Peu à peu, votre paquet de cartes va donc évoluer. Il va devenir plus efficace, plus spécialisé, plus puissant. Vous comprendrez donc que chaque décision compte. Acheter la bonne carte au bon moment fait toute la différence !
L’interaction entre joueurs est principalement indirecte. Vous allez vous disputer des piles de cartes communes par exemple. Il faudra également surveiller le rythme de l’adversaire en fin de partie. Et il y a également quelques cartes qui permettent des attaques ciblées.

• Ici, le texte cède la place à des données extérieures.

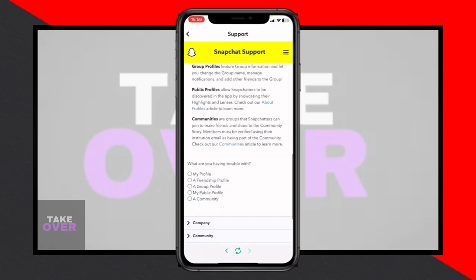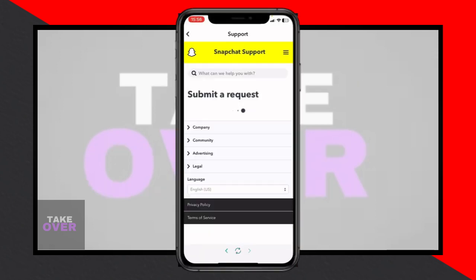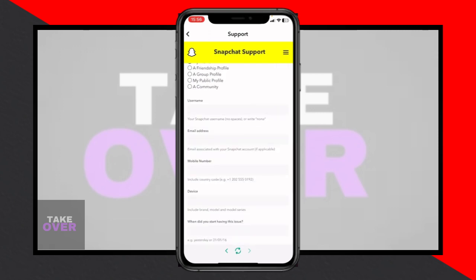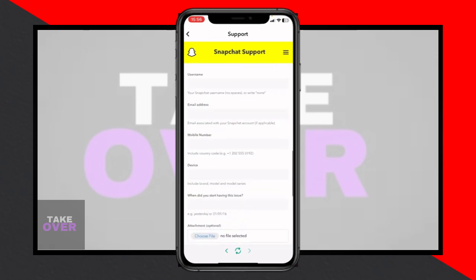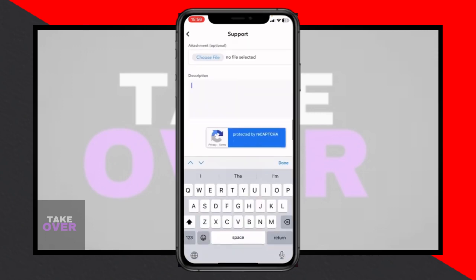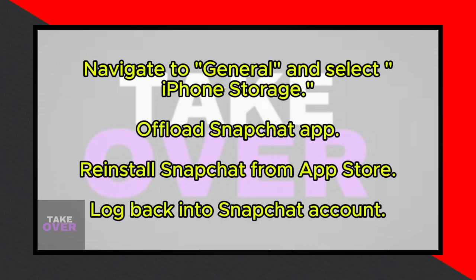Another method is to navigate back to your profile page, tap on Settings in the top right corner, then scroll down to find the Support section. Tap on I Need Help, then select Contact Us.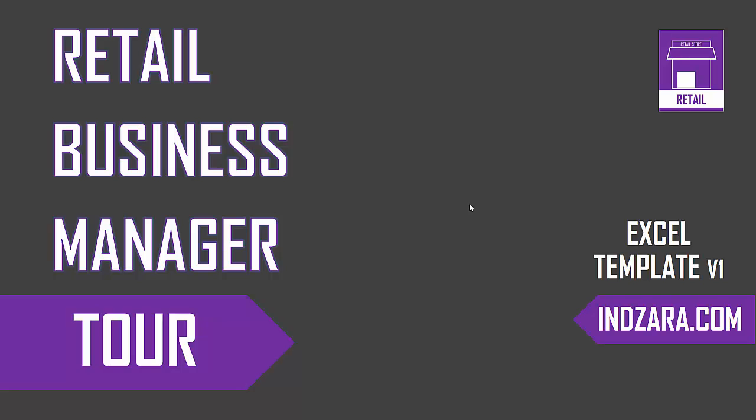Welcome to the tour video of retail business manager Excel template. In this video, we're going to take a look at the actual template itself and walk through sheet by sheet so that we can understand what all are included in this template.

Le cœur du jeu réside dans les combinaisons. Certaines cartes fonctionnent mieux ensemble. D’autres demandent du timing, de les choisir au bon moment. Il faut lire le jeu, anticiper, et parfois accepter l’échec. Les parties débutent souvent lentement, puis soudain, les moteurs s’emballent ! C’est là que Dominion révèle toute sa finesse.
Mon avis sur Dominion
Dominion demande un petit investissement au départ. Anticipez si vous recevez des amis ! La première mise en place prend du temps. Ce n’est clairement pas la partie la plus amusante, mais elle est indispensable et vous n’aurez plus besoin de le refaire si vous gardez votre boîte à l’horizontale.
Une fois lancé, le jeu fonctionne très bien. Les setups de base sont une excellente idée. Ils évitent les configurations bancales et frustrantes.
Les premières parties servent surtout d’apprentissage. On teste, on se trompe, et on en redemande. Parfois, votre stratégie va échouer lamentablement ! Et puis, peu à peu, on progresse. On comprend ce qui marche, on anticipe mieux les achats.
Dominion est un jeu qui récompense la répétition. Il faut plusieurs parties pour vraiment l’apprécier. Prévoyez donc plusieurs heures de jeu cumulées. AInsi, chacun monte en compétence à son rythme.
J’ai aussi beaucoup aimé les illustrations. Elles sont sobres mais efficaces. Tout est lisible, rien n’entrave la compréhension.